They are used in Lexical Analysis for token recognition.
Finite automata are of two types:
1. NFA – Nondeterministic Finite Automata
2. DFA – Deterministic Finite Automata
⭐ 1. NFA (Nondeterministic Finite Automaton)
✔ Definition
An NFA is a finite automaton where:
• From a state, multiple transitions for the same input symbol may exist
• ε-moves (epsilon moves) are allowed — i.e., move without consuming input
• It is simpler to construct
• Not efficient for scanning actual input
✔ Formal Definition
An NFA is a 5-tuple (Q, Σ, δ, q₀, F)
where
• Q = set of states
• Σ = input alphabet
• δ = transition function (Q × Σ → 2^Q)
• q₀ = start state
• F = set of final states
✔ Example NFA for RE: a(b|c)*
(q0) --a--> (q1)
/ \
b c
/ \
(loop on q1 for b or c)
⭐ 2. DFA (Deterministic Finite Automaton)
✔ Definition
A DFA is a finite automaton where:
• For each state, exactly one transition exists for each input symbol
• No ε-moves
• Fast and efficient for lexical analysis
• Used by compilers
✔ Formal Definition
A DFA is also a 5-tuple (Q, Σ, δ, q₀, F)
but
δ: Q × Σ → Q (not a set)
✔ Example DFA for strings ending with ab
(q0)--a-->(q1)--b-->(q2)
(q1)--a-->(q1)
(q1)--b-->(q0)
(q0)--b-->(q0)
⭐ 3. NFA vs DFA (Exam Table)
NFA DFA
ε-moves allowed No ε-moves
Multiple transitions allowed Only one transition
Easy to construct Hard to construct
Fast to design, slow to execute Slow to design, fast to execute
May have many possible current states Only one current state
Used for theoretical design Used in actual compilers
⭐ 4. Conversion: NFA → DFA (Subset Construction Algorithm)
(Important 7 marks)
Steps:
1. Start with ε-closure(start state of NFA) → this is DFA start state
2. From each DFA state, find transitions for each input symbol
3. Take union of all resulting NFA states
4. Each unique set = one DFA state
5. Continue until no new states formed
6. Mark states that contain an NFA final state → DFA final states
⭐ 6. DFA Minimization (Short Note)
Steps:
1. Partition states into final and non-final sets
2. Split further if transitions lead to different groups
3. Continue until no more splitting
4. Each group = one minimized DFA state
⭐ 7. Applications of NFA/DFA
✔ Used in Lexical Analyzer
✔ Token recognition (identifier, keyword, number)
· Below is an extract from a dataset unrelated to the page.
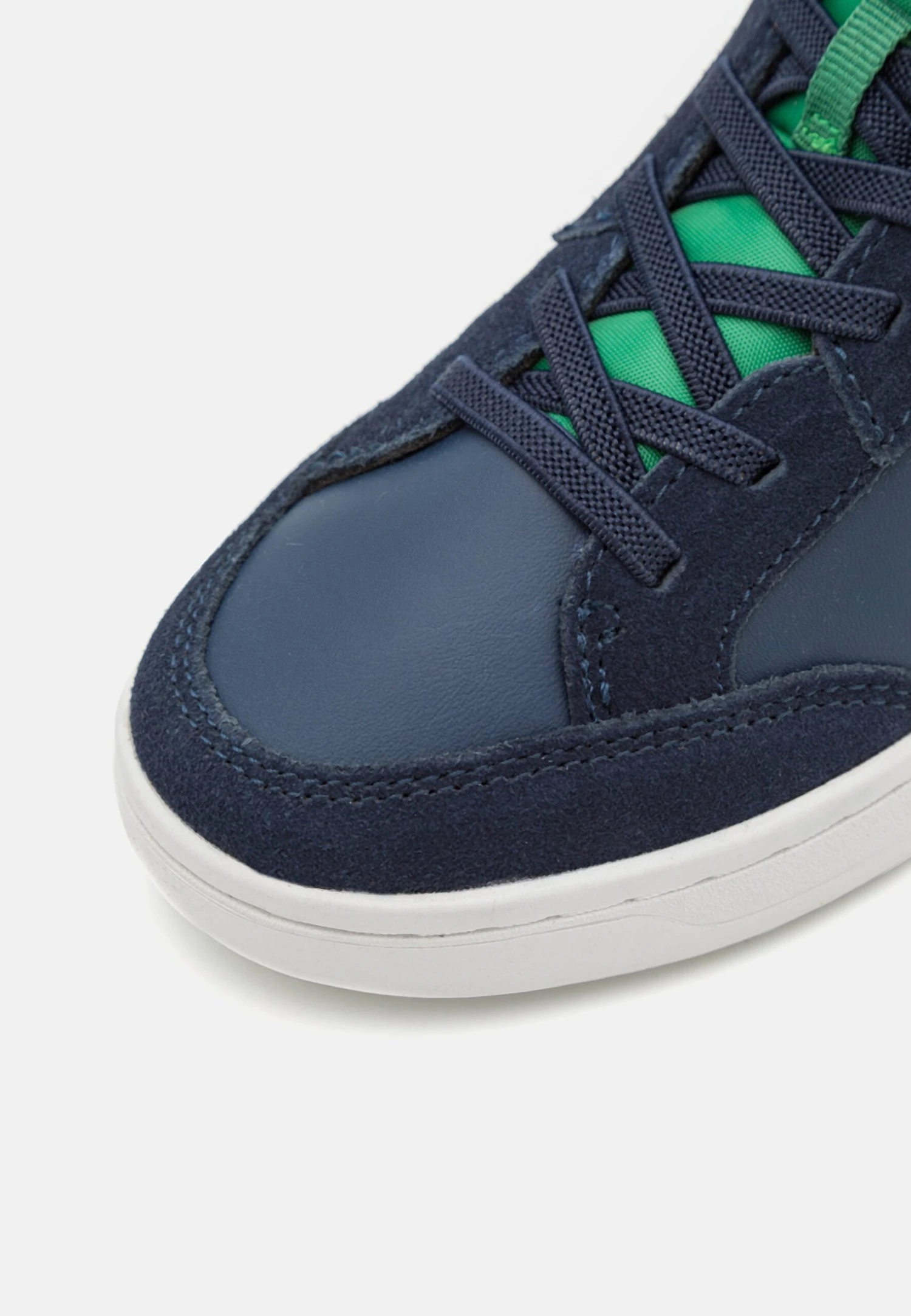 Fila Crew Mid Kids Unisex - Zapatillas Altas - Navy/Verdant Green - Imagen 6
✔ Pattern matching (grep, regex engines)
✔ Scanner generation tools (LEX)
⭐ NFA to DFA Conversion (Simple & Short)
NFA is converted to DFA using the Subset Construction Method.
✔ Steps:
1. Start State of DFA = ε-closure of NFA start state.
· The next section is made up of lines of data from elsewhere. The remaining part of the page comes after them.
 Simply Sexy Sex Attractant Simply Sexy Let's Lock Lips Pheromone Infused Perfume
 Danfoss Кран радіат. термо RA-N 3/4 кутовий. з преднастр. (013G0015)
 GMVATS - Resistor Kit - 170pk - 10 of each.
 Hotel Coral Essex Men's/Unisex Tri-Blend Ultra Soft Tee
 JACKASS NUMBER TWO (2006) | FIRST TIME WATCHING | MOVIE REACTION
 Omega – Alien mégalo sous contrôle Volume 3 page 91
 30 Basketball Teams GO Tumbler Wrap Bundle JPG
2. For each DFA state (which is a set of NFA states),
find transitions for each input symbol.
3. The union of all reachable NFA states becomes a new DFA state.
4. Repeat until no new states are produced.
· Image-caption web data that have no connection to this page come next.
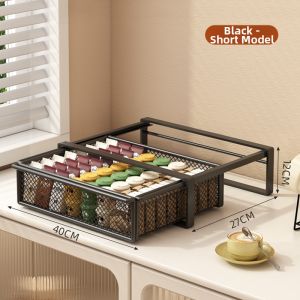 TIJU | Coffee and Tea Pod Storage Rack Drawer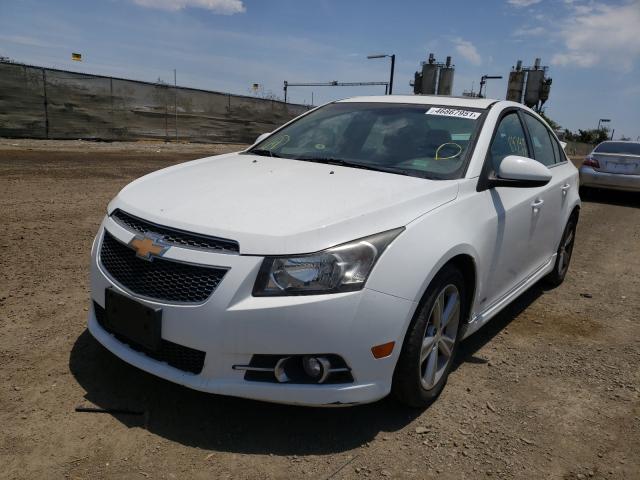 Photo 2 from auction – 2014 CHEVROLET CRUZE LT with VIN 1G1PE5SB2E7253999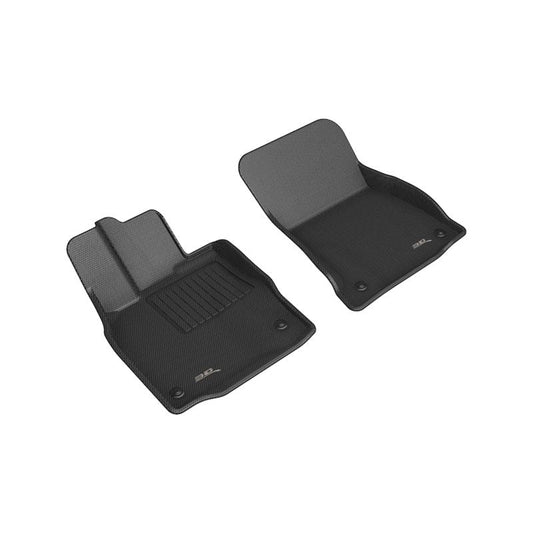3D MAXpider KAGU Floor Mat- Black R1 | 18-20 Lexus Ls Series (L1LX06411509)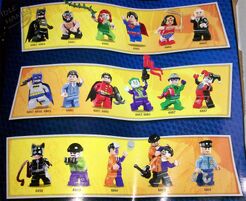 Lego superheroes minifigures
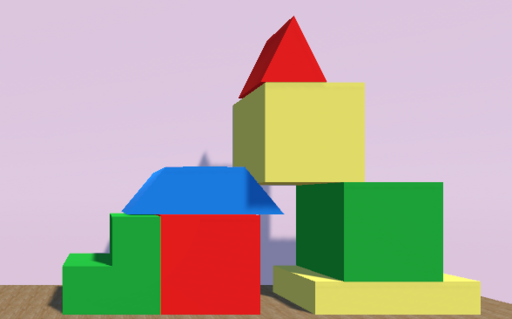 Place Colorful BLOCKs（積み木ゲーム）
5. Any DFA state containing an NFA final state becomes a final DFA state.
Context-Free Grammar (CFG)
A Context-Free Grammar is a formal grammar used to describe the syntax of programming languages and
languages in automata theory.
Definition
A CFG is a 4-tuple G = (V, T, S, P) where:
• V = set of variables (non-terminals)
• T = set of terminals (alphabet)
• S = start symbol
• P = set of production rules of the form A → α
(A is a non-terminal, α is any combination of terminals & non-terminals)
Key Points
• Every production rule must have one non-terminal on LHS.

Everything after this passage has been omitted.